## Provided material
______

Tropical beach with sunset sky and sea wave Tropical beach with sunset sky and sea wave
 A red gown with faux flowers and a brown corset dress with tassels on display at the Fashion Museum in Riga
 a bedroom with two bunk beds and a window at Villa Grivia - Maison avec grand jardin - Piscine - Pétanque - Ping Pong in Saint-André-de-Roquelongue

______

## Assigned task
Once you have read the material above, write all of it out again exactly.

## Response
Tropical beach with sunset sky and sea wave Tropical beach with sunset sky and sea wave
 A red gown with faux flowers and a brown corset dress with tassels on display at the Fashion Museum in Riga
 a bedroom with two bunk beds and a window at Villa Grivia - Maison avec grand jardin - Piscine - Pétanque - Ping Pong in Saint-André-de-Roquelongue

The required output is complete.